Присылай скорее, так как, черт побери, желтого дуплетом в угол — я без номера квитанции отправления ничего здесь сделать не могу.
Погода у нас все средняя. По утрам немного солнца, а после обеда ветер, и вечером холодно.
Целую тебя, моя дорогая Люба.
До скорого свидания.
Леонид Гаев».
Юный Костя Алексеев с упоением играл старца генерала в «Лили». Станиславский в сорок один год так же увлеченно играет Гаева. Играет человека старше того возраста, который обозначен у Чехова — пятьдесят один год. Кажется, что он прожил гораздо более долгую жизнь — жизнь легкую, приятную для себя и обременительную для других. Станиславский, как всегда, не выделял в спектакле своего героя, но погружал его в общее «настроение», связывал его со всеми окружающими персонажами. Гаев, как все его герои, был человеком своей среды и своего времени. Движение времени и вырождение среды здесь было неопровержимо: отходила в прошлое огромная полоса жизни русского дворянства, и читал ей отходную Станиславский.
Герой его — фигура значительная, типическая именно в своей никчемности. Отлично выбритый человек в прекрасно сшитом костюме, с выхоленными руками, которые он брезгливо обтирает белейшим носовым платком, тем же платком обмахивается, когда к нему подходит ненавистный лакей Яшка. Не глядя, надевает он пальто, а Фирс снимает с него пушинки, не глядя, принимает из рук старика трость. Все для него сделано, подано, вычищено чужими руками. Но в противоположность умилительно-патриархальным верным слугам, которые в огромном количестве появлялись на страницах романов и на сценах рубежа веков, — молодые слуги хозяев вишневого сада уже вполне развращены и стремятся к тому же — к безделью. Бездельник лакей Яша, вернувшийся со своей хозяйкой из Парижа, был для Гаева — Станиславского как бы зеркалом, в которое он не любил смотреться. В то же время хозяин вишневого сада сохранил человеческие черты, которых нет у лакея: по натуре своей он добр (преломление темы «доброго человека» в ироническом варианте), по натуре своей он мягок и человечен. Гаев нежно любит сестру и племянницу, Гаев деликатен со слугами (за исключением, конечно, Яшки). Человек, который никого пальцем не тронул, — и человек, который палец о палец не ударил ради истинного дела, ради реального добра.

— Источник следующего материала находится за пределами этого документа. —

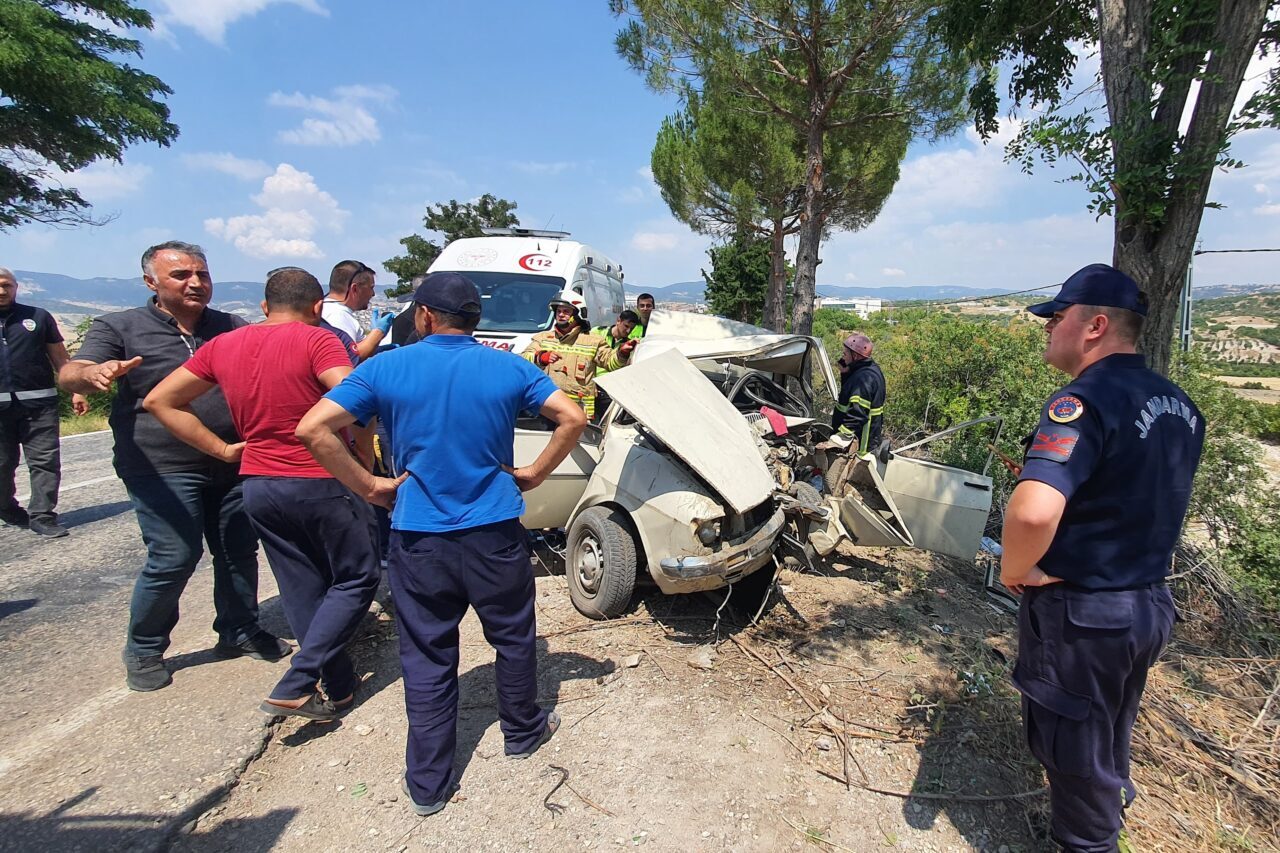 Manisa'nın Demirci ilçesinde otomobilin ağaca çarpması sonucu 1 kişi öldü,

Все мемуаристы вспоминают крепкое пожатие большой теплой руки Станиславского — у Гаева же и руки словно были меньше и пальцы длиннее, безвольней, с подагрическими утолщениями суставов, с тонкой кожей, — истинные руки человека «голубой крови».

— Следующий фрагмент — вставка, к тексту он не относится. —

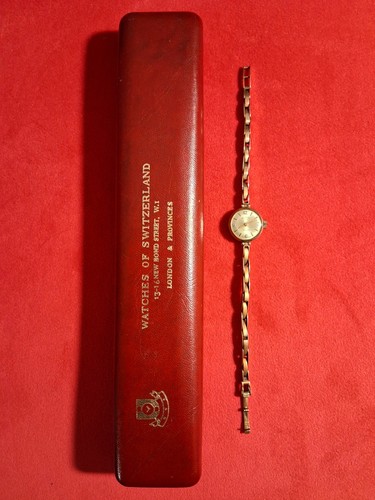 Boxed vintage 9ct ladies - 9ct,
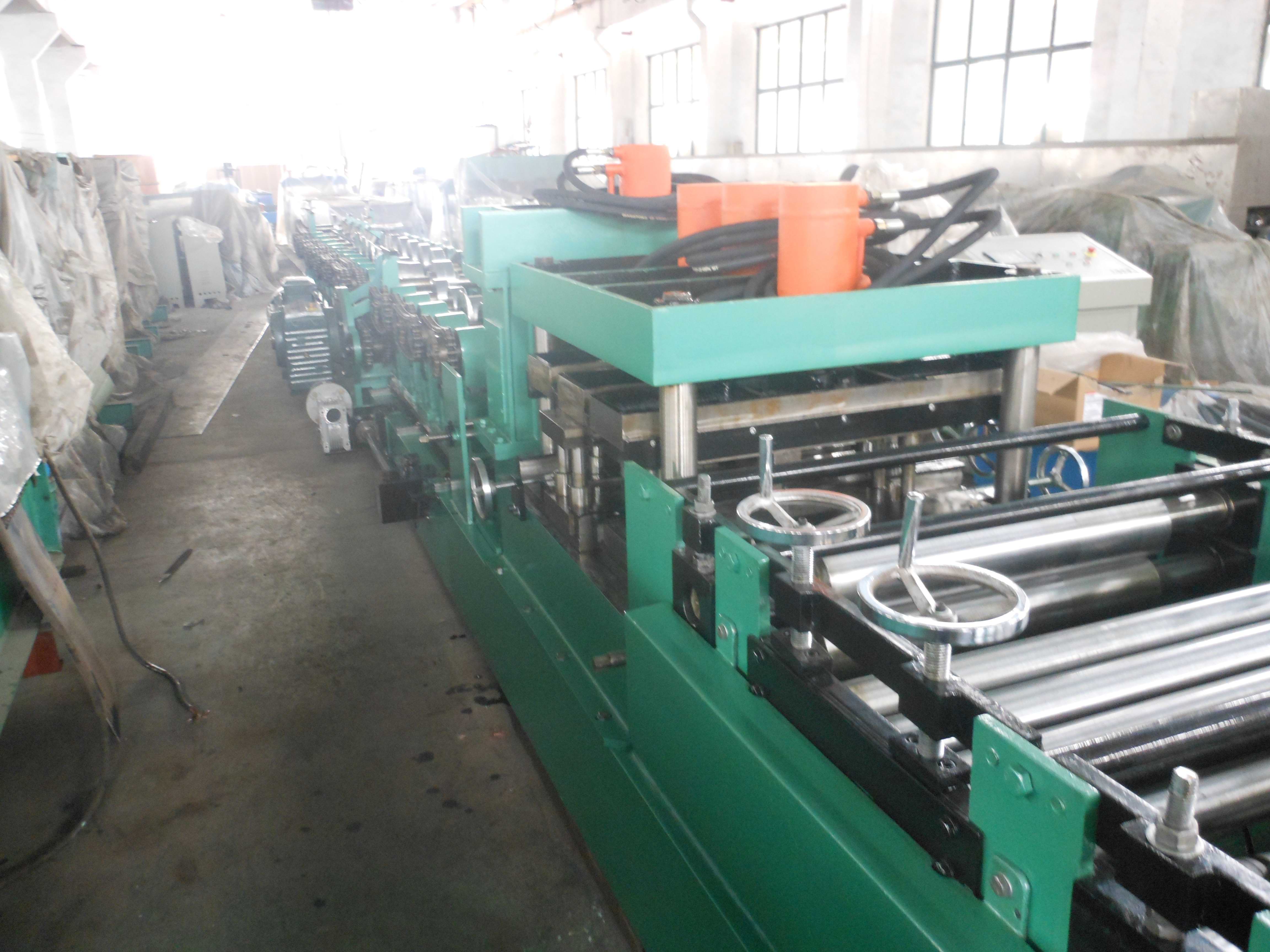 Z Purlin Cold Roll Forming Machine For Galvanized Steel With Hydraulic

«Я человек восьмидесятых годов» — эти слова Гаева выделял Станиславский. Для его героя это была не фраза, но серьезнейшее жизненное убеждение: многочасовые заседания во всякого рода «вольных обществах», долгие обеды в дворянском клубе, утверждение «Мужика надо знать!», застольные тосты и заранее составленные спичи, произнесенные в таком количестве, что сейчас их можно действительно обращать хоть к шкафу, тем самым пародируя торжественность болтовни об «идеалах добра и справедливости», — все это прошлое России воскресало на сцене с приходом Гаева. Так же как и будущее его — весьма почетная должность в банке, вероятно, быстрый уход с этой должности, объясняемый происками врагов, а на самом деле определенный полной неприспособленностью Леонида Андреевича к какой-либо полезной деятельности, затем — унизительное существование приживала где-нибудь у ярославской тетушки и бесконечные обращения к «многоуважаемым шкафам», потому что никто старого барина не слушает.